Sono tutte cose che mi preoccupano Gian. Almeno una volta all’anno viaggiamo, spesso due. Una pensione francamente è una ipotesi che non vorrei considerare. Per fortuna il mio migliore amico ha un cane, una Setter Irlandese, diciamo che potremmo concordare un valido supporto reciproco. Il dolore? Ho avuto gatti, mi ci sono affezionata moltissimo e , sì, ho sofferto. Il dolore è inevitabile. Ma l’amore che ti danno dura molto, molto di più se sei fortunata. Tu che ne pensi? Maschio o femmina?

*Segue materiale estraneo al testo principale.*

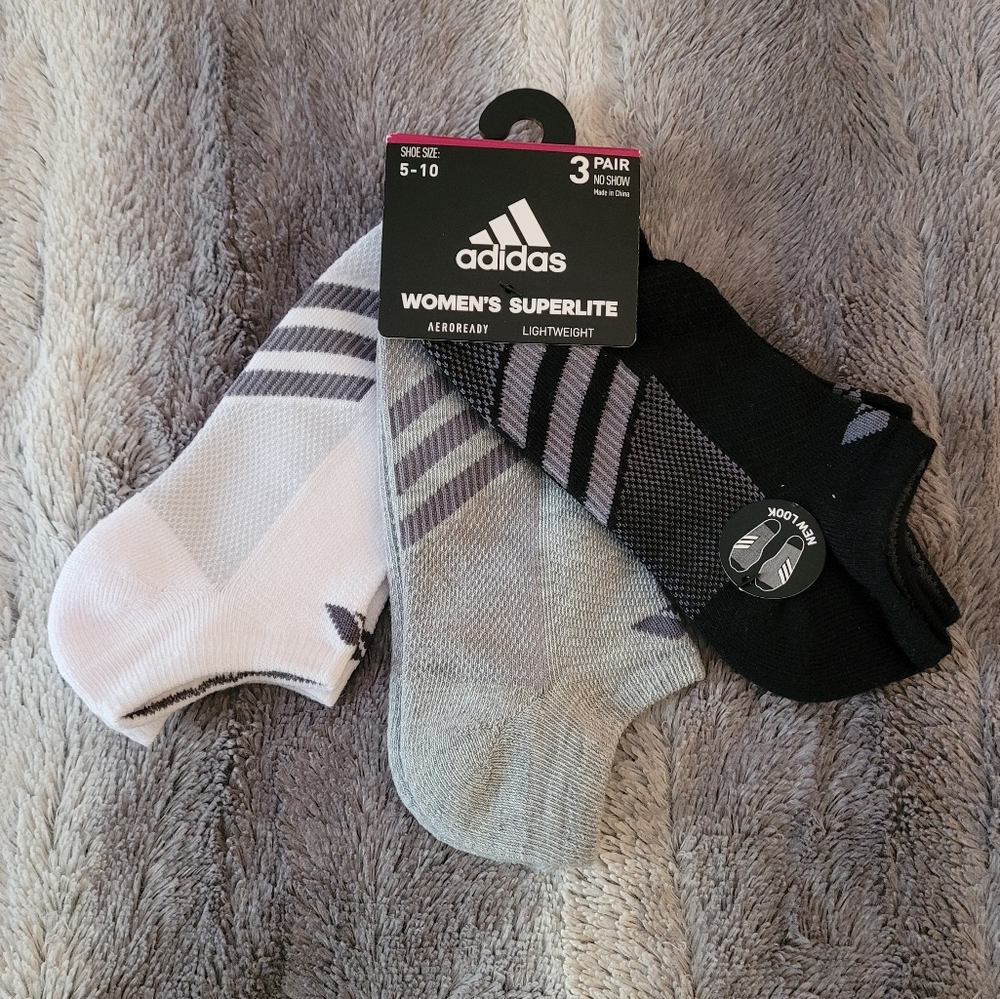 adidas no show socks NWT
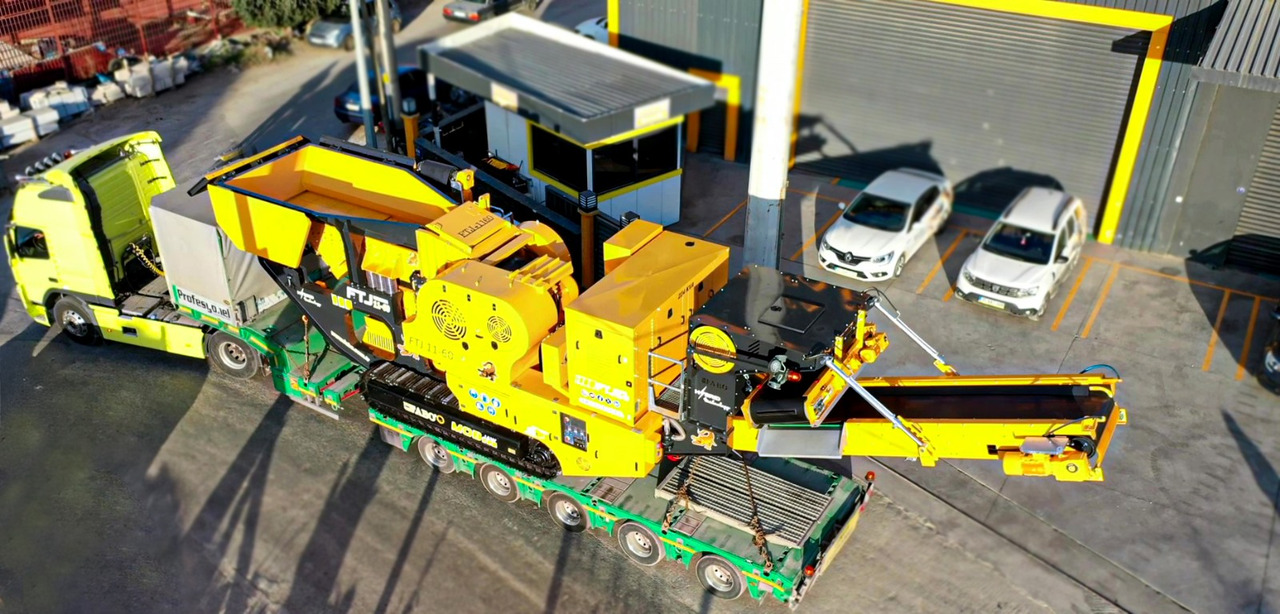 FABO mobile jaw crusher - Θραυστήρας σιαγόνων: φωτογραφία 5 FABO mobile jaw crusher - Θραυστήρας σιαγόνων: φωτογραφία 5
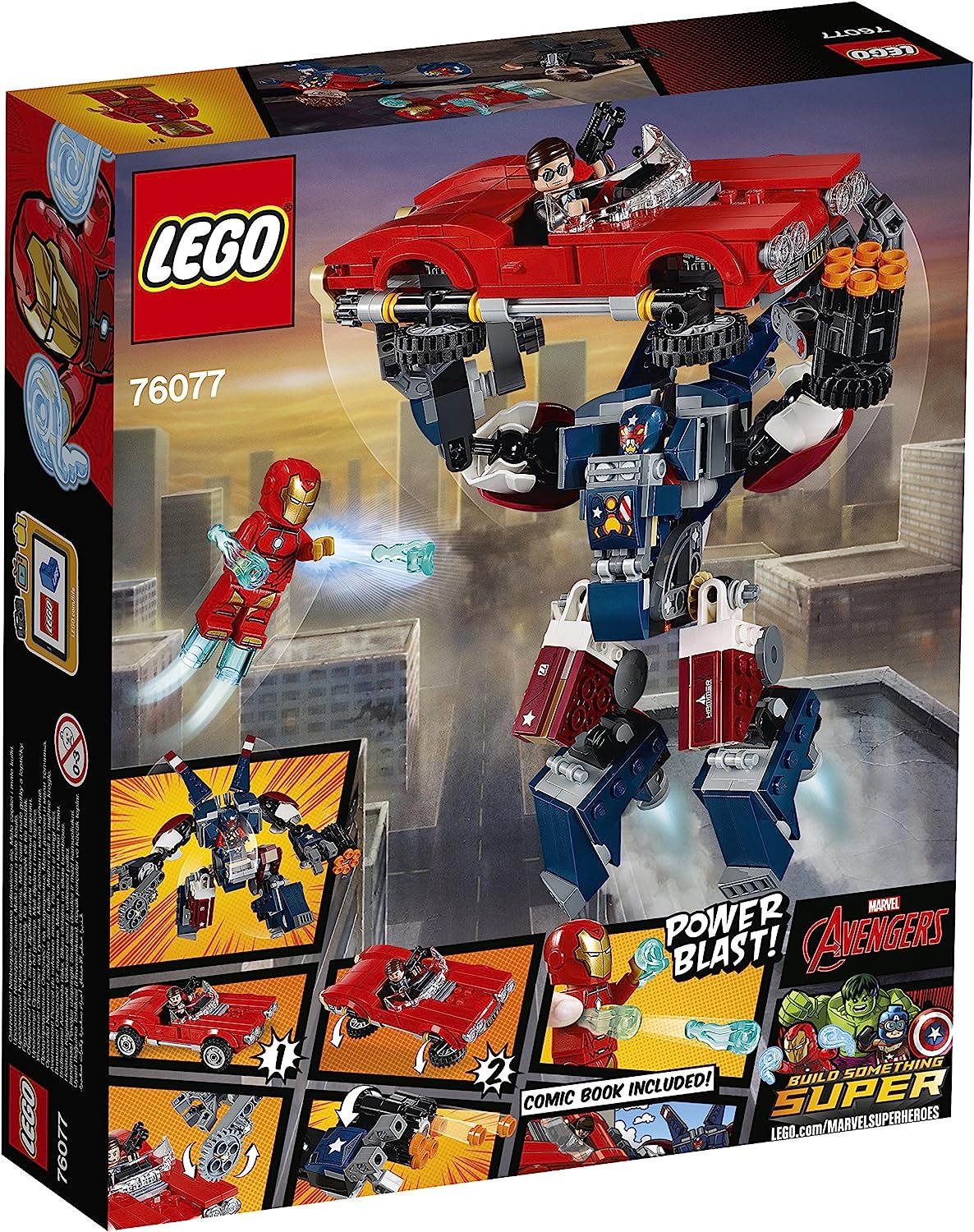 LEGO Marvel Super Heroes 76077 Iron Man gegen Detroit Steel
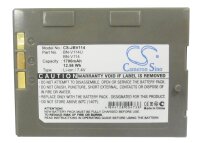 Ersatzakku - CS-JBV114 - JVC BN-V114 - 7,4 Volt 1700mAh Li-Ion - silber - EOL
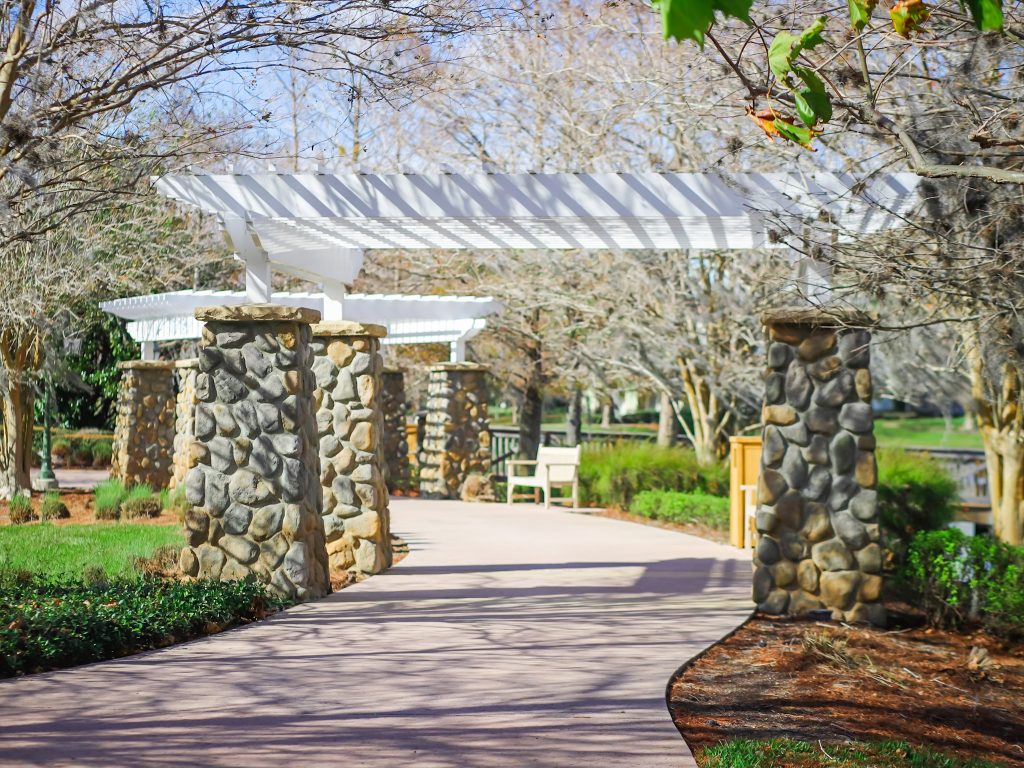 Walking path at Saratoga Springs.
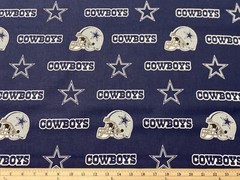 NFL DALLAS COWBOYS football Helmets, ONE YARD (36”x 57”) 100% Cotton Fabric New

Dopo l’entusiasmo all’idea che tu realizzi il tuo sogno di avere un cane, sapere che esiste il dubbio maschio-femmina mi ha fatto venire voglia di “avvertirti”… generalizzando (indebitamente) la mia esperienza con il giovane Jey (un anno e mezzo). Avevamo sempre avuto femmine in famiglia, e Maya era in pratica invecchiata con noi. Dopo che Jey è entrato nella nostra vita, mi sono ricordata le parole di un allevatore, anni fa, alla mia superficiale domanda: “E’ meglio un maschio o una femmina?” “Non c’è una risposta. Comunque il cane preferito da ogni allevatore è sempre una femmina.” Ecco, con Jey è un’esperienza molto diversa dalle precedenti, bellissima ma ricca di piccole-grandi difficoltà nel quotidiano che ci sono nuove. Dovute al sesso? In parte credo di sì. L’indole da cacciatore, unita alla forza spropositata rispetto alla media taglia, fa sì che ci sembri sempre di portare a spasso… un missile, in pratica. Jey è ostinato all’estremo, turbolento e caciarone, ma anche molto dolce e affettuoso, quando vuole. In passeggiata deve fermarsi a fare le sue quattro gocce ogni mezzo metro, e impedirglielo – o velocizzare il processo – è come una seduta in palestra. Caricarlo in auto a fine passeggiata è regolarmente un sollievo! Ma forse è l’età… Certo un cane è un amico con cui convivere per una bella fetta di vita, perciò è importante valutare bene le caratteristiche della razza, del sesso e quant’altro disponibile, per rendere la vita in comune il più possibile liscia. Detto questo, sono più che sicura che sarete felici insieme! Se vuoi conoscere dettagli sul nostro missile, sai dove trovarmi. ;)
Cara @Grazia, aspettavo una tua “consulenza” ben sapendo della tua ricca vita con i cani :). Credo che la ragione per cui tutti preferiscono una femmina stia proprio nel racconto della vivacità di Jey (ma che razza è?). Sento molte storie come la vostra e in effetti sembra suggerire la femmina, soprattutto a una prima esperienza. Sì, non ho mai avuto cani e forse mi conviene cominciare con una taglia mediana (non amo i cani piccoli) e una femminuccia. Sto già immaginando i miei momenti liberi e di relax che oggi passo come mi pare e che con un cane credo cambierebbero molto… Tutto va valutato con grande attenzione… Avevi mai incontrato un Dachsbracke?